The challenge presented many interesting problems, namely because a given flight in the training data set could have up to five Prediction Dates - 1 day; 1 week; 1 month; 6 months; or 1 year before the flight.

This meant we had to be careful with data leaking and make sure we were not using data in our training models that realistically wouldn’t be available.

The features of the available dataset contained a mix of numerical, ordinal and categorical data but for the purpose of our model we decided to focus only on the numerical and ordinal data:

Feature Type Range
Flight Month num 0-12
Flight Week num 0-51
Flight Day num 0-7
Flight Hour num 0-23
Trip Duration ord 1-5
Bag Checkin ord 1-5
% Leisure ord 1-5
% Irish ord 1-5
% Female ord 1-5
% Party Size ord 1-5
% Arrive by Car ord 1-5
     
     

Our Model

We initially assumed that flights with extensive historical data should not be too difficult to predict since a future passenger profile can be predicted from a sensible averaging over the previous profiles.

The challenge lay in predicting the profiles for flights with little or no historical data. We needed a way to determine the flights that were similar enough to these which could then be used to formalate a prediction.

We thought the K-Nearest-Neighbours (KNN) method seemed a sensible approach in this instance using the numerical and ordinal data as the features for the algorithm.

We used the NearestNeighbours functionality in sklearn where we initially pre-processed the data so that each feature was normalised between 0-1 and therefore equally influential.

We were also aware of periodicity in the temporal data, that is 23:00 at night is very close to 01:00 but KNN would considers these times far apart in feature-space. We could not think of a way to implement periodic boundary condtions in KNN in time for the submission but we don’t think it will affect the results detrimentally.

The next task was to decide on how many nearest-neighbours was appropriate. We performed a convergence test on 500 random samples in a cross-validatoin set with up to 100 NN. We found anywhere between 20-50 NN to be reasonable so we chose 40.

Figure1

Once the 40 NN were identifed for each flight we calculated the weighted-average passenger number yj at each 15 minute interval j with the weights given by the exponential of the Euclidean distance in feature-space to each NN flight i.

Results

The overall error of the full model against the test set was 8.67 which is consistent with the cross-validation testing.

If we inspect a few flights we can get a sense of how the model is performing.

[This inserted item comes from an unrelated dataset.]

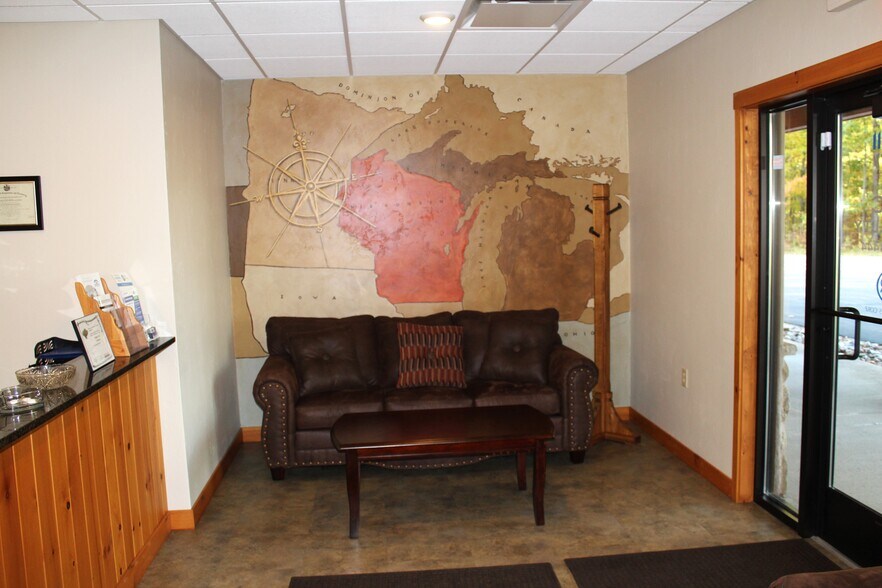More Photos Of 9559 Bolger Lake Rd, Minocqua Office For Sale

From below we can see that when the predicted flight profile coincides with historical data the model prediction is quite good. When the profile contains extremes however the fit suffers. We did not identify in any of the generated graphs a time when the model correctly predicted these outliers but the general gaussian trend was almost always reconstructed.

Flight: 5285 Model: 1 Day

Error = 3.30

The model predicted this flight very well as it lay very close to the historical data.

Figure1

Flight: 3214 Model: 1 Day

Error = 9.71

The model didn’t do as well on this flight although there was a large spike in arrivals at the start.

Figure1

Flight: 5127 Model: 1 Week

Error = 6.91

This 4 week model worked quite well also.

Figure1

Flight: 4157 Model: 4 Weeks

Error = 5.69

The flight data here also fell in line with the historical data and the model prediction was not bad.

Figure1

Possible Improvements

  1. I would very much like to have implemented boundary conditions in the NN model. We could estimate the likely impact of this by looking more closely at the time-series of various features and see if indeed they demonstrate periodicity.

  2. The full model took some time to train (~40 minutes). I would like to bring this down by parallelising the NN algorithm over OpenMP or similar.

  3. I would also have liked to experiment with different weighting-schemes; it is not obvious if exponential weighting was the best practice here.

  4. Another method worth investigating would be a clustering approach where similar flights are grouped according to their similar passenger profiles. This would reduce the training time for new data as the average group profile would be used as a predictive measure however the error would probably increase as it is no longer bespoke for each flight.